Additionally, if a child is (or in the future becomes) disabled mentally or physically, gains creditors as he matures (credit card debt, medical bills, loans), or develops alcohol or drug dependence, then the inheritance held in this type of trust (with an independent Trustee – someone other than the child with control over the money) will be protected from these outside influences and in some cases, from the child himself.
- My family consists of only me, my son, and my mother, and my mother has agreed to serve as guardian, do I really need a Will?
Some people think that the smaller their family, the less necessary a Will and other estate planning documents become. The argument is that there is no choice in who gets your assets, and no one to fight a guardianship in court. Inversely, a Will is more necessary in most cases in a small family for a few reasons:
- A smaller family means it is more likely that a simultaneous death could occur. This means that you and your mother could die at the same time, leaving no one left to serve as guardian for your child. It also means that you and your child and mother could be in an unfortunate accident at the same time, and then who would inherit your estate? Without a Will in place to designate an alternate guardian, and “failsafe” beneficiaries of your estate, both of these become open questions.
- The person designated under a Will to serve as guardian has priority in the court. It will be easier for your mother to be appointed if she is named in your Will.
You also need a Financial Power of Attorney and Advance Directive for Health Care, regardless of the number of agents that you designate therein, to manage your assets and medical decisions in the event of your incapacity.
Through a Financial Power of Attorney, you may designate an agent to handle your finances if you are unable to do so. If you are over age 18, then no one, no matter their relation to you (including a spouse, child, or parent), will be able to manage your financial affairs during your lifetime unless they are designated under a valid Financial Power of Attorney, signed by you in accordance with the requirements of your State.
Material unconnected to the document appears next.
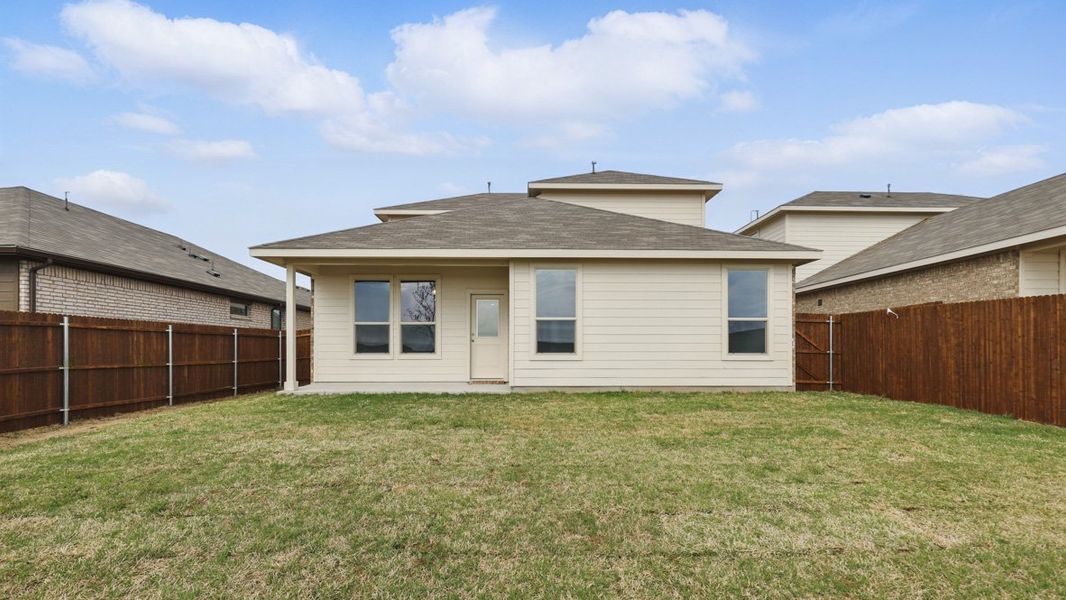 Representative exterior photo of a completed home built from the MACON by D.R. Horton in Vista Point, Grandview, TX (Image 2). Representative exterior photo of a completed home built from the MACON by D.R. Horton in Vista Point, Grandview, TX (Image 2).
Similarly, an Advance Directive sets forth the scope of the authority for your health care agents to make medical decisions on your behalf, including your wishes with respect to artificial life support, and authorizes those health care agents to make decisions for you in the event that you are unable to express your wishes.
When the pool for choosing agents becomes smaller, it becomes even more necessary to choose the people who would act on your behalf in the event of your incapacity. If you do not have an Advance Directive, the state will choose based on a statute which lists the priority of those who will serve as your health care agents. In addition, a time-consuming and expensive court hearing will be needed for a guardian (“guardian of the person”) to be appointed to make decisions on your behalf. The same is true for a Financial Power of Attorney and the court-appointed “guardian of the property.”
- Everyone needs a Will, a Financial Power of Attorney, and an Advance Directive.
- The person you appoint as guardian to care for your child’s person does not necessarily have to be the same person who manages his money.
- Through the terms of your Will, you may dictate the terms of a child’s inheritance.